Today, none of that mattered. It was all in the past and it had all led to THIS...
My mom went with me. She's my greatest support....always. We waited, what seemed like forever outside the court room. Several families went in and back out but our name wasn't called. Finally people started filtering out of the court room. I see familiar DHS faces, attorneys, and even the judge. The case worker stops to tell us the judge wanted to talk with everyone outside of the courtroom and be briefed before we started our case. They all went into what seemed like a super secret room where super secret information would be shared. My mind raced, and I wished more than anything that I could be a fly on the wall. We waited some more. Finally a familiar face emerged from the room. She was in a hurry but said this walking by, "good news, and uhhh delayed good news." I really don't know what this means but I scroll through my brain files of possible scenarios. I looked at mom and briefly we both came to the conclusion that they would be terminating parental rights for brother bear and we would have to wait awhile longer for sister to be ours. I could live with that.

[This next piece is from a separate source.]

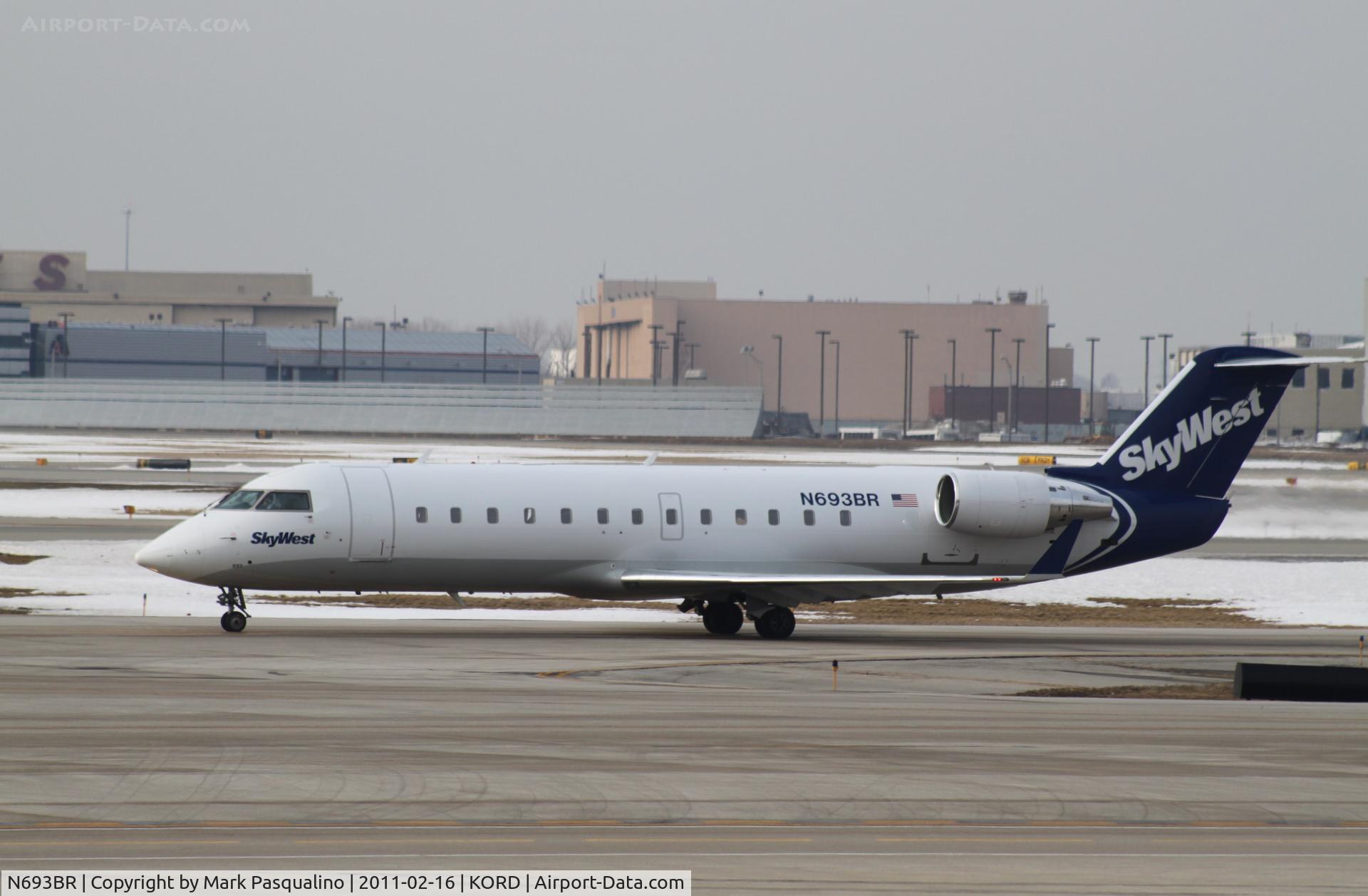 N693BR, 2003 Bombardier CRJ-200ER (CL-600-2B19) C/N 7761, CL-600-2B19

I had prepared my heart for this scenario. A few minutes goes by and she comes back to explain what she meant. "There was an error in the publication for 'Baby A'. We will have to re-publish and set a new date. Everything is squared away for sister though."
What??? An error. I felt like I had been punched in the gut. As she walked away, I could feel the sting of tears filling my eyes. We hadn't even been into the court room yet so I knew I had to keep it together. I walked to the bathroom and gained my composure. I sat back down with mom and I looked at her. She was just as shook as I was. I didn't know what to say or even what to think. Almost like a wave coming over me, God spoke to my heart. "You have to remember that HER being yours is JUST as important as him being yours." The privilege and responsibility of being both of their parent has to hold equal importance in my heart. That's not always been the easiest. God wanted me to hear that message loud and clear today and boy have I!

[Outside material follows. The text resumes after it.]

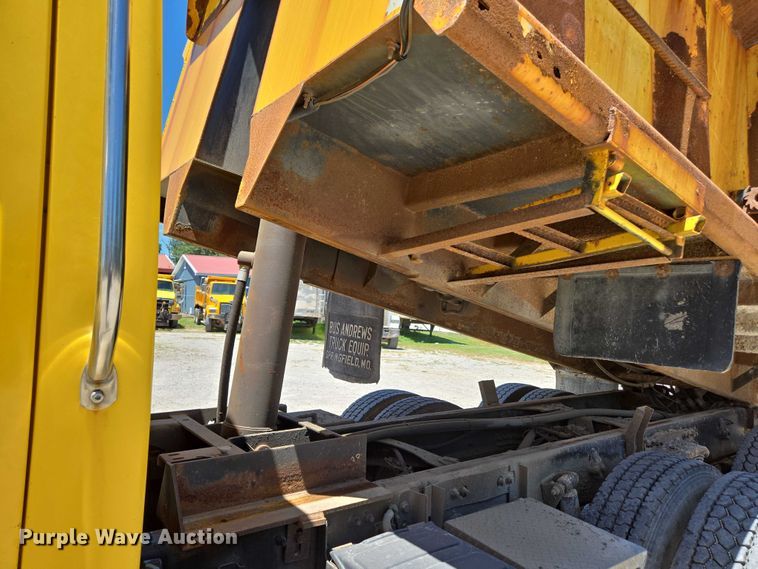 image for item DY0409 2009 Sterling L-Line dump truck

We started with sisters case and I'm not lying when I say it lasted less than 5 minutes. The judge asked the DA to speak. He spoke that publication had been complete and asked for termination of parental rights. The judge allowed both parent's attorneys to speak (neither parent was actually present),but didn't seem to care much at all what they had to say. He told them both that their clients had had plenty of notification and still weren't present. He quickly terminated rights. The judge thanked me...yea..never had that happened before. He said "thank you on behalf of the state, and me personally for what you do. I could never do it but I'm so appreciative of you stepping up for these kids." Whoooow...that's it? It's done. We seriously start talking adoption from here forward.

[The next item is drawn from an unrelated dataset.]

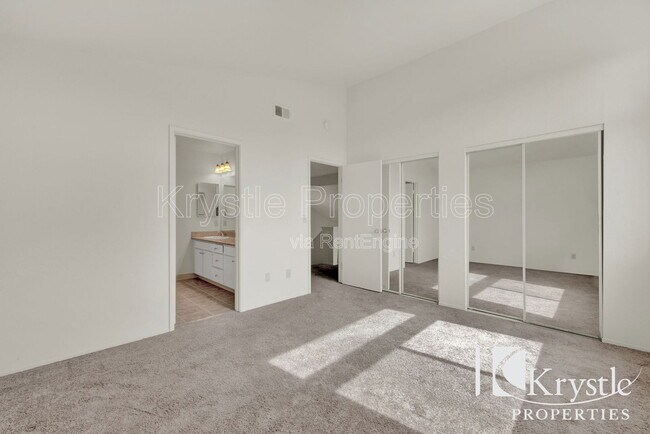 Building Photo - 267 Quartz Ln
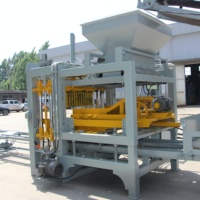 Machine à fabriquer des blocs de ciment hydrauliques QT4-15 avec système de contrôle PLC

On to brothers case...I am so thankful that the "error bomb" wasn't dropped on me right there in the court room. It may not have been pretty. God knew what I needed and provided that small window for me to prepare. With the error, nothing of substance could happen today. We have a new court date and a CORRECT publication going out soon. It was hard to walk out of there without the outcome I had so desperately hoped and prayed for, but I will hold onto the judges last words "We will be back August 22nd for termination."
The drive home from court was full of phone calls to family. We are all so excited that sister is going to be forever ours. No one is more excited than she! When I finally got to talk to her and told her the judges decision, she screamed and grabbed me so tight. We wept tears of joy, together, in one another's arms. She kept saying "I get to be with you FOREVER!" We went to lunch together and she looked across the table at me and smiled. She said "Mom, you're going to be there when I'm a teenager, and when I get married, and when I have a baby...ohhh I know you're gonna cry when you see my baby for the first time!" Yes, my sweet girl, I'm going to be there for all those things, I'm going to be there for YOU.
I am so grateful to God that He trusted me . I am so grateful that he is constantly teaching me how to better trust HIM! I have all the faith that in the not so distant future, these babies will be officially mine, and we can continue on writing the stories of each of our lives...together!